Sent by Jonathan Stark on February 3rd, 2018
Long time reader and private Slack member Mike Julian sent in a fascinating article that explores the hyper-specific niche of pinball machine repair technicians (shared with permission):
I ran across this article and thought you'd like it: https://thenewstack.io/maintaining-legacy-will-repair-pinball-machines/
My favorite bit:
Clay Harrell, who writes the Pinball Repair Tips & Tricks webzine, told them that “Nobody sells a working pinball machine. If it was working, they wouldn’t sell it. If you buy one, it’s always broken.” And the bigger problem was maintenance, according to one pinball technician who talked to the Journal. “I always hear people say, ‘I bought a machine and I can’t get a repair guy to come out.'” At the time a directory of pinball repair technicians listed just 750 — in all 50 states — charging up to $150 an hour.

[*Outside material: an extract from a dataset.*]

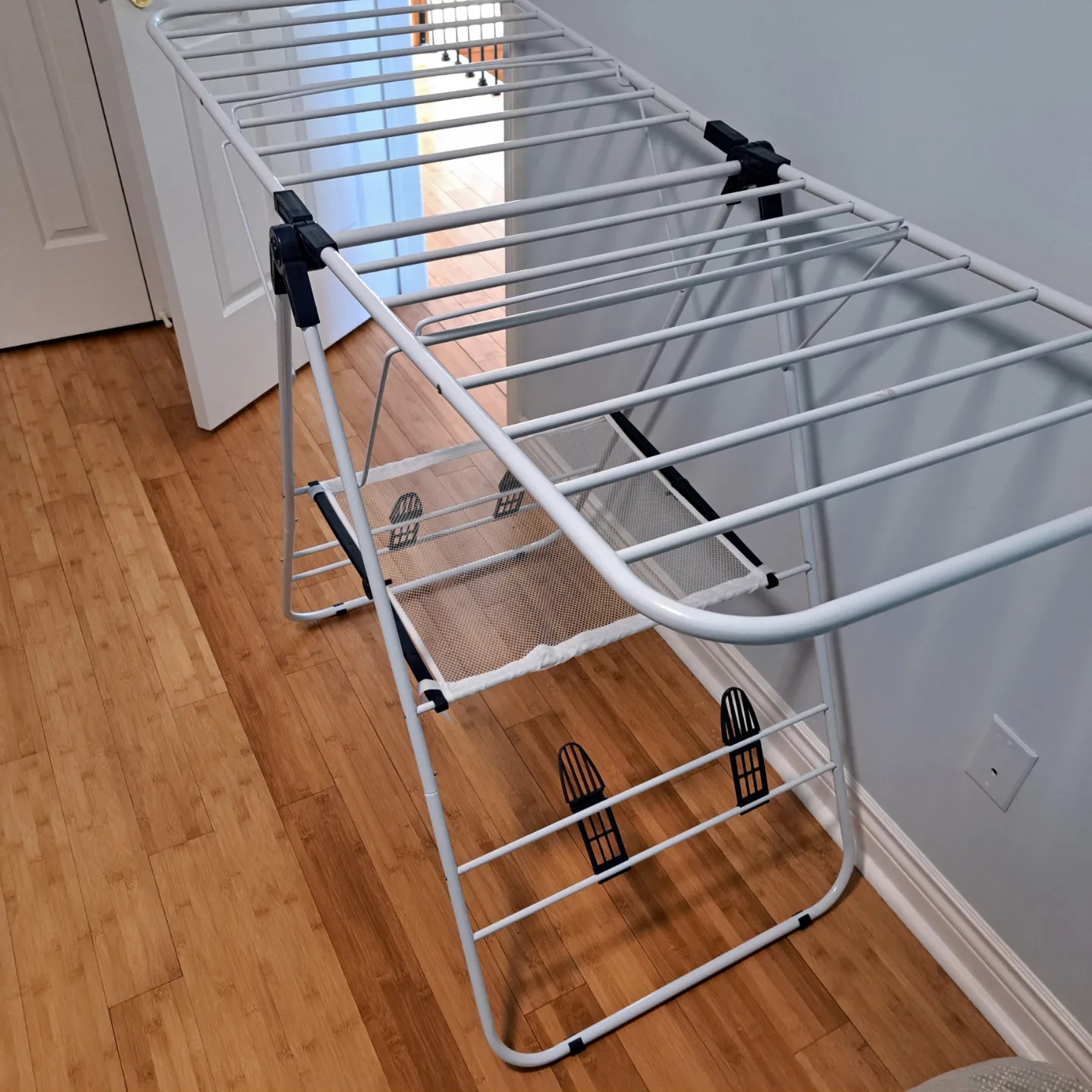 White Foldable Clothes Drying Rack image indicator(2)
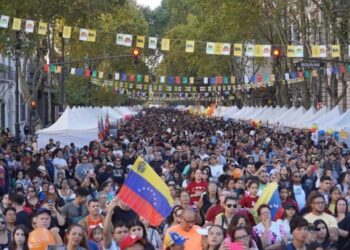 Buenos Aires reunió a miles de personas para celebrar el aporte de la migración venezolana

So there's not only a magazine dedicated to repairing pinball machines (not just pinball enthusiasts, but people who need a pinball machine repaired), but there's even a directory of people who repair pinball machines?! “Arcade owners” is already pretty niche, but this just dives head-first into that rabbit hole, eh? I had no idea such a problem even existed.
The global marketplace is an incomprehensibly large and complex environment. Rabbit holes within rabbit holes within rabbit holes. Turtles, all the way down.
As specialization expert Philip Morgan says:
“The question isn’t whether your target market is big enough. The question is whether it’s small enough.”
Selling to everyone is indistinguishable from selling to no one.